> _Excerpted records_
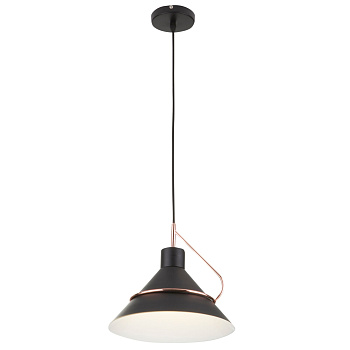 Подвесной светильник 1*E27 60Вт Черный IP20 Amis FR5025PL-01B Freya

* * *

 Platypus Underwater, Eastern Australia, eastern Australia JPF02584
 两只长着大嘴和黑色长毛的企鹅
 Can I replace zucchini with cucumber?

> _Task details_
Copy out only the lines of the records above from the one with "两只长着大嘴和黑色长毛的企鹅" through the one with "Can I replace zucchini with cucumber?", exactly as they stand, both included.

> _Problem solution_
 两只长着大嘴和黑色长毛的企鹅
 Can I replace zucchini with cucumber?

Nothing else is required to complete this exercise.